Dark/Light Mode

8 Eks Pejabat Kemnaker Dituntut 4–9,5 Tahun di Kasus RPTKA

Senin, 30 Maret 2026 20:25 WIB
Foto: M. Wahyudin/RM.
Foto: M. Wahyudin/RM.

RM.id  Rakyat Merdeka - Jaksa penuntut umum Komisi Pemberantasan Korupsi (KPK) menuntut delapan mantan pejabat Kementerian Ketenagakerjaan (Kemnaker) dengan pidana penjara antara 4 hingga 9,5 tahun dalam kasus dugaan pemerasan pengurusan Rencana Penggunaan Tenaga Kerja Asing (RPTKA).
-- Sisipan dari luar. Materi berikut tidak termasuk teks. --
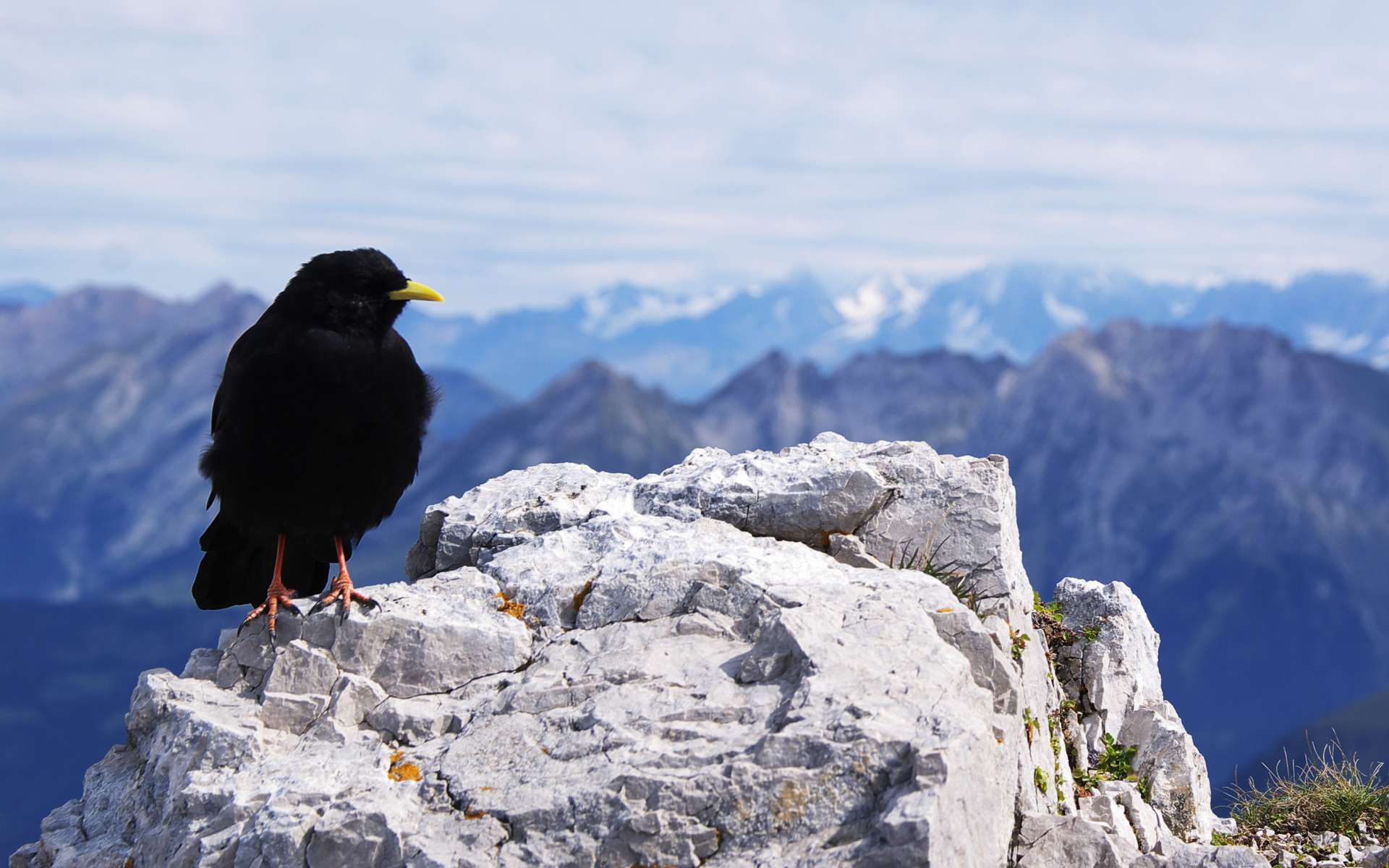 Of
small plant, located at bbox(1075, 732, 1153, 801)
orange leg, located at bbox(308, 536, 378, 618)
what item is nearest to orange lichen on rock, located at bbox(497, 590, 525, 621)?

Sidang pembacaan tuntutan digelar di Pengadilan Tindak Pidana Korupsi (Tipikor) Jakarta Pusat, Senin (30/3/2026).

Dua terdakwa, yakni Haryanto selaku Direktur PPTKA 2019–2024 dan Dirjen Binapenta dan PKK 2024–2025, serta Wisnu Pramono selaku Direktur PPTKA 2017–2019, dituntut paling tinggi dengan pidana masing-masing 9,5 tahun penjara.

Selain itu, terdakwa lain yang turut dituntut adalah Suhartono (Dirjen Binapenta dan PKK 2020–2023), Devi Angraeni (Direktur PPTKA 2024–2025), Gatot Widiartono (Koordinator Analisis dan PPTKA 2021–2025), Putri Citra Wahyoe (petugas hotline dan verifikator RPTKA), Jamal Shodiqin (analis TU dan pengantar kerja), serta Alfa Eshad (pengantar kerja ahli muda).
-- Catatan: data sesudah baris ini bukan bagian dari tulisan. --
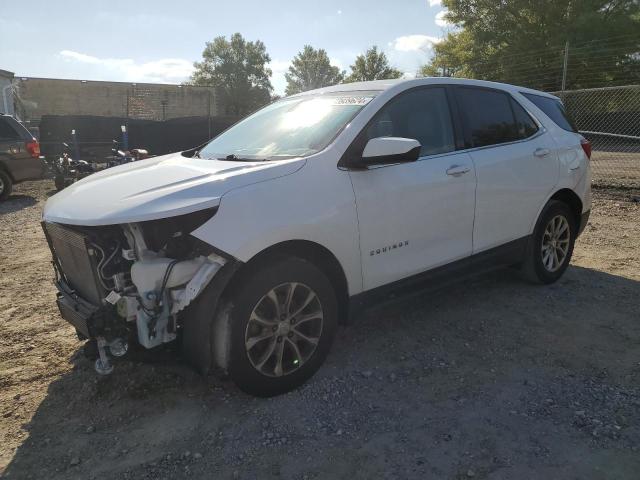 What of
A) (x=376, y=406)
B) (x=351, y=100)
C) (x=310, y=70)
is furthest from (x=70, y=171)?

Jaksa menyatakan, para terdakwa terbukti secara sah dan meyakinkan melakukan tindak pidana korupsi berupa pemerasan dalam pengurusan RPTKA.

Baca juga : Tiba di Tokyo, Prabowo Disambut Pejabat Pemerintah Jepang di Haneda Airport

“Menuntut supaya majelis hakim menyatakan Terdakwa Haryanto terbukti secara sah dan meyakinkan bersalah melakukan tindak pidana korupsi,” ujar jaksa saat membacakan tuntutan.
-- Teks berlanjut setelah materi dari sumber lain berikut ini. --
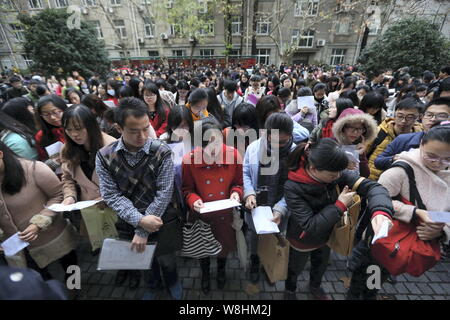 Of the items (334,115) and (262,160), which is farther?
(334,115)

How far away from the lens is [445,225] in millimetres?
1574

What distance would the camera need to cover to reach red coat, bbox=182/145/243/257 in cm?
206

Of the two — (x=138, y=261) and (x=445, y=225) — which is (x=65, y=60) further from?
(x=445, y=225)

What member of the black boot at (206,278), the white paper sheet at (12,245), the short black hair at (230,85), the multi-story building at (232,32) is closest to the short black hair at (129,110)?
the white paper sheet at (12,245)

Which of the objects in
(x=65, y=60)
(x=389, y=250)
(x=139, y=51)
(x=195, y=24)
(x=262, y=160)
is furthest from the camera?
(x=139, y=51)

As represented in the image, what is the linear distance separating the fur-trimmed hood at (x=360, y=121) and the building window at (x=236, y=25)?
26.2 metres

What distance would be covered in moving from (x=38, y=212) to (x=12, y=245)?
324 millimetres

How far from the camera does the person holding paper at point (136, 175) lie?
1.70 metres

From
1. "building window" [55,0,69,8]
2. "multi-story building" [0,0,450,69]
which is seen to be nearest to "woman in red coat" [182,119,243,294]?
"multi-story building" [0,0,450,69]

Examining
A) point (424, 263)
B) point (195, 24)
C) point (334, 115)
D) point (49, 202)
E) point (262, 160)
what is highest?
point (195, 24)

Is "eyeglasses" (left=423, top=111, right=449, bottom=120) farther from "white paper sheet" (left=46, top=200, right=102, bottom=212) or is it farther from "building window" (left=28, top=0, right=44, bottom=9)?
"building window" (left=28, top=0, right=44, bottom=9)

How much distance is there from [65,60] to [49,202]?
16156 millimetres

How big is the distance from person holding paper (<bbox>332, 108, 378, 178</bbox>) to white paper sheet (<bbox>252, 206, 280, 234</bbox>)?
1.10 m

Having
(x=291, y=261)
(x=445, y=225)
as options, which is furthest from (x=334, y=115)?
(x=291, y=261)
Para terdakwa dinilai melanggar Pasal 12 huruf e juncto Pasal 18 Undang-Undang Tindak Pidana Korupsi juncto Pasal 55 ayat (1) ke-1 juncto Pasal 64 ayat (1) KUHP.

Dalam pertimbangannya, jaksa menyebut perbuatan para terdakwa tidak mendukung program pemerintah dalam pemberantasan korupsi sebagai keadaan memberatkan.

Sementara keadaan meringankan antara lain terdakwa bersikap kooperatif, memiliki tanggungan keluarga, dan belum pernah dihukum.

Adapun rincian tuntutan antara lain, Haryanto dituntut 9,5 tahun penjara, denda Rp 700 juta subsider 160 hari kurungan, serta uang pengganti Rp 84,7 miliar subsider 6 tahun penjara.

Baca juga : Eks Dirut Inhutani V Dituntut 4 Tahun 10 Bulan di Kasus Suap Lahan

Wisnu Pramono dituntut 9,5 tahun penjara, denda Rp 700 juta subsider 160 hari kurungan, serta uang pengganti Rp 25,2 miliar subsider 4 tahun kurungan.

Gatot Widiartono dituntut 7 tahun penjara, denda Rp 500 juta subsider 140 hari kurungan, serta uang pengganti Rp 9,4 miliar subsider 3 tahun kurungan.

Devi Angraeni dituntut 6,5 tahun penjara, denda Rp 350 juta subsider 110 hari kurungan, serta uang pengganti Rp 3,2 miliar subsider 3 tahun kurungan.

Sementara itu, Putri Citra Wahyoe, Jamal Shodiqin, dan Alfa Eshad masing-masing dituntut 6 tahun penjara dengan denda Rp 350 juta subsider 110 hari kurungan, serta uang pengganti bervariasi.

Suhartono dituntut paling ringan dengan pidana 4 tahun penjara dan denda Rp 150 juta subsider 70 hari kurungan.

Baca juga : Eks Pejabat Wilmar Divonis 6 Tahun Penjara di Kasus Suap Vonis Lepas CPO

Dalam perkara ini, jaksa mendakwa para terdakwa melakukan pemerasan secara bersama-sama di Direktorat Jenderal Binapenta dan PKK Kemnaker selama periode 2017–2025. Total uang yang diperoleh dari praktik pemerasan tersebut mencapai Rp 135,2 miliar. 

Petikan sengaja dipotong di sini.